Lots of remarkable progress has been made using the field school students in and out of the South Bank Building. The bonebed has yielded a few surprises and given up more excellent paleontological specimens. More information to come, but here are a few photos to entice.
We’re up and running, and therefore have little time to attend to the blog or emails.
I’ll try to post some photos as time permits but here’s a few for now…
Luckily, there’s enough bone, lithics, and interesting sediment changes to keep us all interested and busy most of the time.
A tardy post.
Several weeks back I, along with David Kilby, was fortunate to be asked to come help with an excavation in central New Mexico. The project was the brainchild of Robert Dello-Russo from the New Mexico Office of Archaeological Studies. Since funding is always an issue with this type of research, this was very much a volunteer-based project, bringing in archaeological professionals and skilled avocationals from around the state.
The project area is west of Socorro, New Mexico between two mountain ranges. There is a surprising amount of energetic water that comes from the mountains to the west, moving enormous amounts of sediment, and sometimes very large cobbles and pebbles.
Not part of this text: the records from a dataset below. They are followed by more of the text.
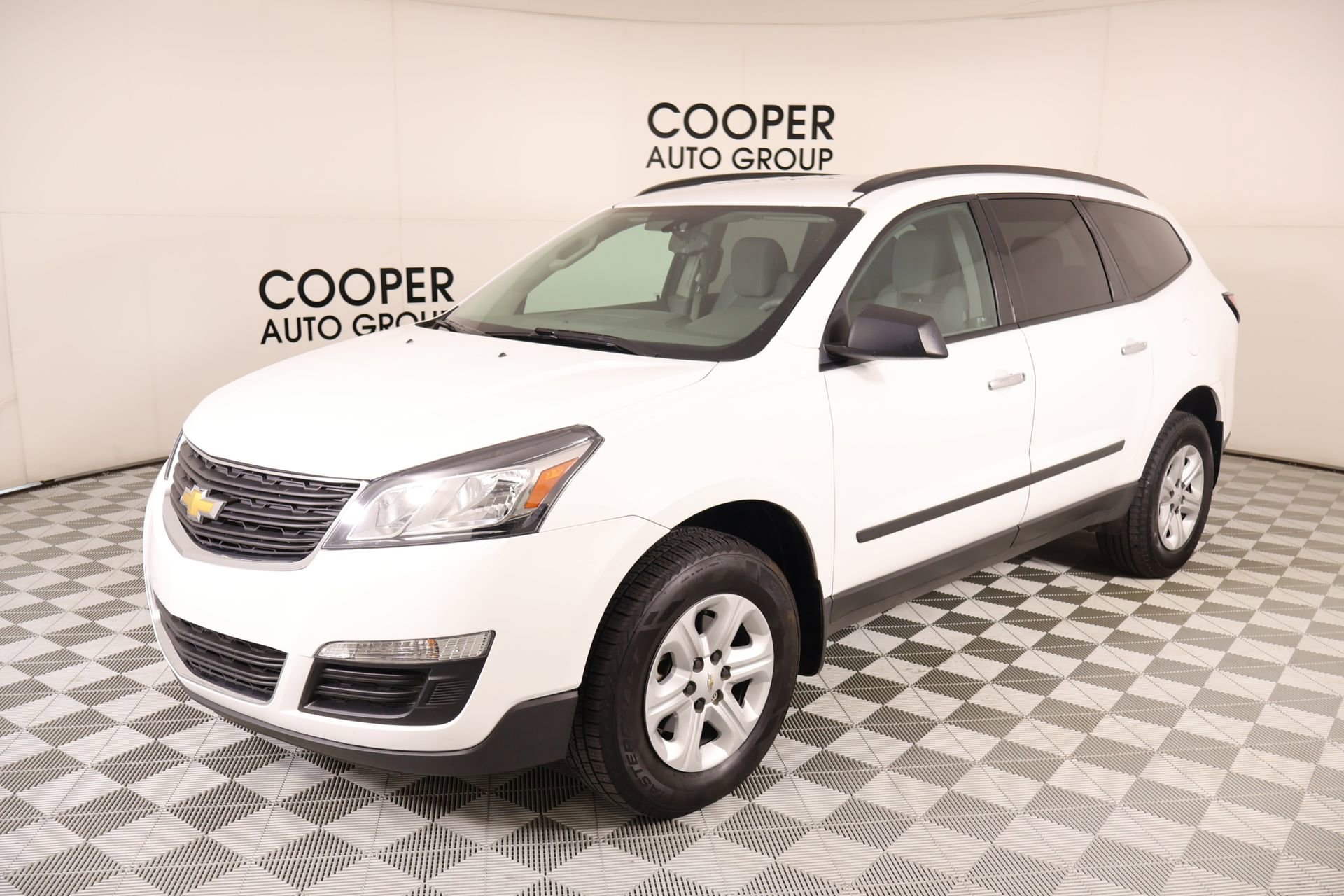 Used 2017 Chevrolet Traverse LS FWD image 9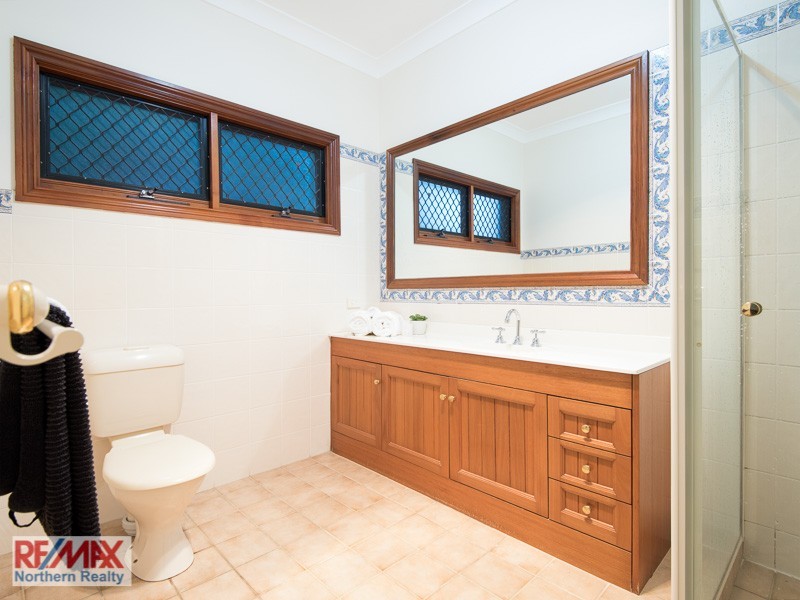 4 Marylin Terrace, Eatons Hill QLD 4037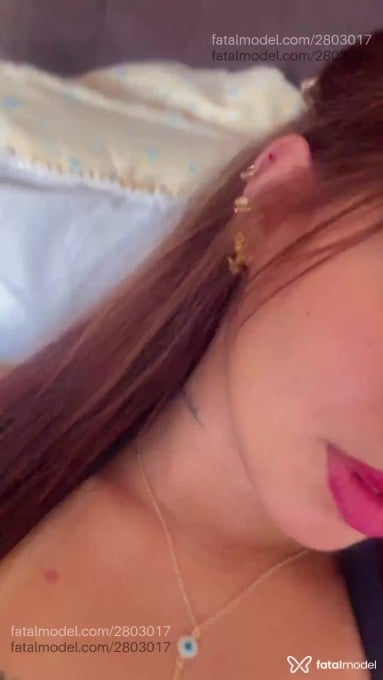 Acompanhante mulher com cabelo castanho de olhos castanhos em União da Vitória Acompanhante mulher com cabelo castanho de olhos castanhos em União da Vitória - Melissa Cabral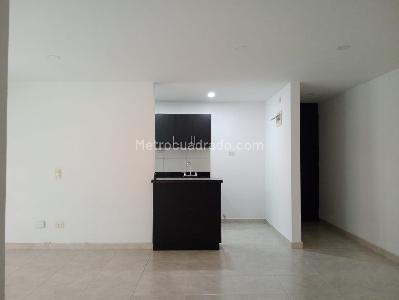 Apartamento en venta en La America, Medellín · foto 3 de 17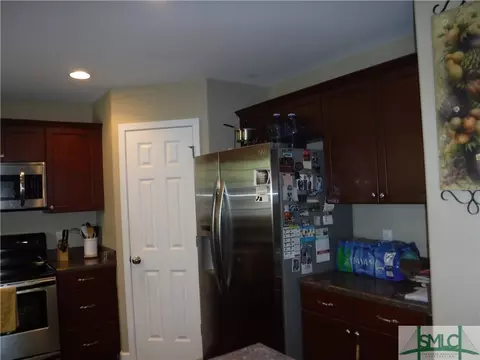 130 Lakepointe Dr, Savannah, GA 31407 photo 8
This has created a sort of fan that covers the very old Paleoindian and paleontological deposits and is overlaid with several meters of fine silt.
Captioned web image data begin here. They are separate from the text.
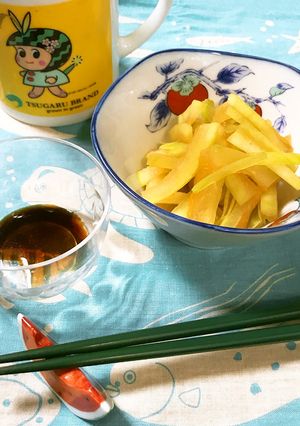 フライパン✙蓋➡スイカ皮食べる❣蒸し炒め-レシピのメイン写真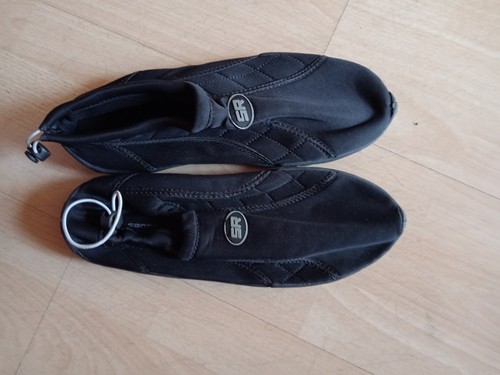 Schwarze wassersportschuhe - wassersportschuhe, gr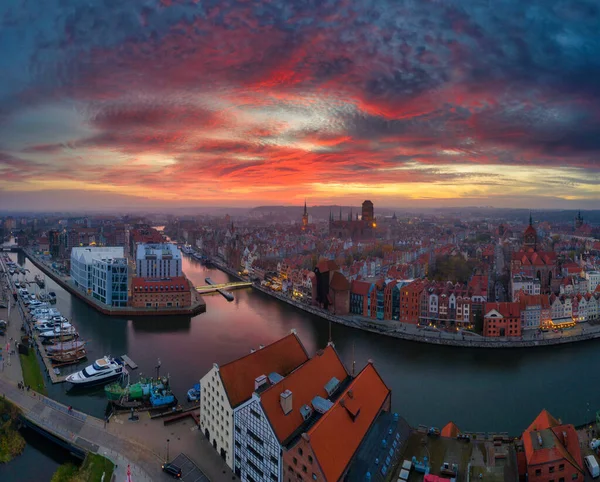 Niesamowita Panorama Gdańska Nad Rzeką Motławą Zachodzie Słońca Polska — Zdjęcie stockowe
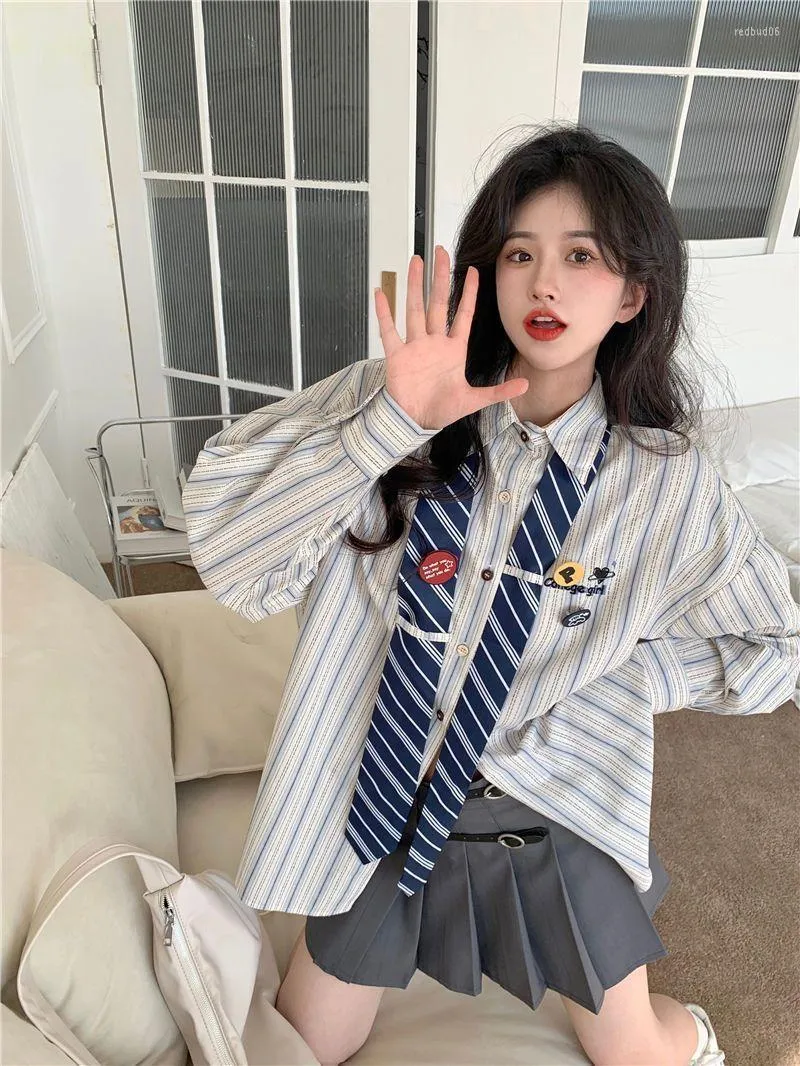 Blouses Striped Shirt Women voor dames Vintage Koreaanse stijl Kawaii Vrouw Casual losse streetwear Blue Long Sleeve top schattig Harajuku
Evidence of a much wetter environment abounds in the arroyo cuts where black mats are revealed in the profiles. The area has produced Paleoindian tools, projectiles, and bone in the previous two seasons of work.
With only a couple weeks to remove 3.5-4 meters of overburden, a heavy excavator and backhoe were required to uncover the site. This was done quickly and with remarkable precision as seen below.
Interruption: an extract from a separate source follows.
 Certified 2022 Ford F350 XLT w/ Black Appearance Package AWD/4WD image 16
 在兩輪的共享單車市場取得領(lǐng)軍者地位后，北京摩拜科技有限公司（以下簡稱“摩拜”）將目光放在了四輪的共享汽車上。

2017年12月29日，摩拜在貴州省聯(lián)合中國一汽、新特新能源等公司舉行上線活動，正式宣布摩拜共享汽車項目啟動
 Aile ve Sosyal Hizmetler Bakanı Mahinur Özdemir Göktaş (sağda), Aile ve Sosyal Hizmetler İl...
Once the black mat was reached (or nearly so), mechanical excavation ceased and 1 x 1 meter hand units were begun.
A common problem with bison kills is proving that they are, in fact, kills. To do this, something has to point toward human intervention. Luckily this occurred, in the form of a projectile point, visible in the above photo near the left edge of the above excavation photo.
Above is a close-up field photo of the fine Eden Point it turned out to be. Fortunately, it even fits the expected dates for the strata where it was found.
I was glad to be part of this exciting investigation and hope to make it back to this remarkable site in the near future. More information can be found HERE http://www.nmarchaeology.org/water-canyon.html.
(Look for more photos to follow as my co-conspirators pass them on.)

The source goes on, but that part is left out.